She looked around curiously in search of something familiar, but didn't see anything. Until they had passed two blocks that is. Then she saw something green around the corner and soon they were in clear sight of a park. And not just any park. The park she had skipped school to find. The park where she had found him sitting on a bench, reading a book by Tom Wolfe, almost four years ago.
"I like this place," she said and placed a kiss on his cheek.
"You did skip school to come here," he agreed. "I actually haven't been here in over a year."
"Come on then, we should visit," she said, starting to pull him with her over the street. They walked into the park and sat down on a bench overlooking the big fountain.
"This was like a second home for a long while," he said suddenly. "Or a third if you count the bookstore. I could sit here for an entire day except that most times I only had one book with me, so I had to get a new one sometime. Then there were days when the whole park seemed to be overtaken by the circus. I hated those days. Everyone was so happy and cheery and I couldn't stand it. It was so far from everything I knew."
He stopped and she searched for something to say, but glancing over at him and seeing the far away look on his face she decided to stay quiet. Instead she moved a bit closer to him and leaned her head on his shoulder. She felt his arm drape over her shoulders and his hand start to play with her hair and smiled to herself. She took his other hand in hers and waited for him to continue.
"I don't think I was home more than to sleep for a couple hours a day after I turned 13. Sometimes I didn't come home for a week and Liz didn't even seem to notice. She was either out herself or too drunk or stoned to care either way. Usually with one of her boyfriends, or husbands, if they managed to get married before he took off. Each time one of them left she tried to change her habits, quit drinking and actually go out and buy food. But it never lasted more than a week or so. When I was ten she found a bag of weed in my room and spent fifteen minutes lecturing me on how wrong it was to do drugs, not realizing I had found it in the kitchen and hid it from her."

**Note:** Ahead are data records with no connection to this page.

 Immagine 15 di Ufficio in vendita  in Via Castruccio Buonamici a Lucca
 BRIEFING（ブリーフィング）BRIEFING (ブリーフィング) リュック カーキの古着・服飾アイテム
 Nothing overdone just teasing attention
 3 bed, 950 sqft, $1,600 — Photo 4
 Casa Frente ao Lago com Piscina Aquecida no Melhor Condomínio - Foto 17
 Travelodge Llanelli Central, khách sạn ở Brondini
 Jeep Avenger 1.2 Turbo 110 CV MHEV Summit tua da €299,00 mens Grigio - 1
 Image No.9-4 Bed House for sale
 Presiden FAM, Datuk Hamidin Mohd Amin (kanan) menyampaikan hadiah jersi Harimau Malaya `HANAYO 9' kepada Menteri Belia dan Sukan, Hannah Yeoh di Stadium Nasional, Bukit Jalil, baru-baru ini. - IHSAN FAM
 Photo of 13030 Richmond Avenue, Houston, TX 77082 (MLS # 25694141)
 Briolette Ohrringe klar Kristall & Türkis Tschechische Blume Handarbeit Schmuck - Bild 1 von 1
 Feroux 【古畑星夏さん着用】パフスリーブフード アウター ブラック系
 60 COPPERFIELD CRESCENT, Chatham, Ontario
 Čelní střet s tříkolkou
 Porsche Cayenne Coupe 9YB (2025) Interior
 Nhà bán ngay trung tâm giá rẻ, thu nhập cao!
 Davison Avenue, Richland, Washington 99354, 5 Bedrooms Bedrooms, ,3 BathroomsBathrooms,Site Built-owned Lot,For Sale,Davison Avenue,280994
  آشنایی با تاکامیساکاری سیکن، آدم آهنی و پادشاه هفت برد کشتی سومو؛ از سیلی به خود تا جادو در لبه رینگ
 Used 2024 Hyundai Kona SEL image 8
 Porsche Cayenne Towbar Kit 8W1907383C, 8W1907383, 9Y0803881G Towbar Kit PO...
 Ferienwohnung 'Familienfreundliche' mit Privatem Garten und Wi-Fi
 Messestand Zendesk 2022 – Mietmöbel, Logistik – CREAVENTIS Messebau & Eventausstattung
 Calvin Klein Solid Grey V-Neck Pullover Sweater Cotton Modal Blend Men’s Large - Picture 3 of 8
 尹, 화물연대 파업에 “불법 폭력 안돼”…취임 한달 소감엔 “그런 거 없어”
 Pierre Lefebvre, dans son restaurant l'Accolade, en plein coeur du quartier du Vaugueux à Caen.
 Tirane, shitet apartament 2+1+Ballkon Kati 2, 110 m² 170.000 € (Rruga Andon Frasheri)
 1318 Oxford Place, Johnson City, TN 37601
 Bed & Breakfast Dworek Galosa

"She could never keep a job so we rarely had any money. I think I was six the first time I shoplifted. It was some kind of canned food, 'cause it was small enough to hide and wouldn't rustle. I remember it tasted awful, but I was so hungry I didn't care. I hadn't eaten anything other than a week old sandwich in two days. After a while I got better at it and could take things I'd actually want to eat.
"I think the day I started school was one of the happiest days of my life. Ironic I know, but it's true. I finally had a reason not to be at home. And I could actually eat as much as I wanted for lunch without having to worry if I would have anything to eat the next day. And the teachers were impressed that I could already read and write."
She sat quietly and listened to him talk. She wanted to hug him and never let go, but she knew he wasn't looking for any kind of sympathy. He talked as if he was telling a story that had nothing to do with him. She didn't know if that was some kind of defense mechanism for dealing with it or if it was how he actually felt about it.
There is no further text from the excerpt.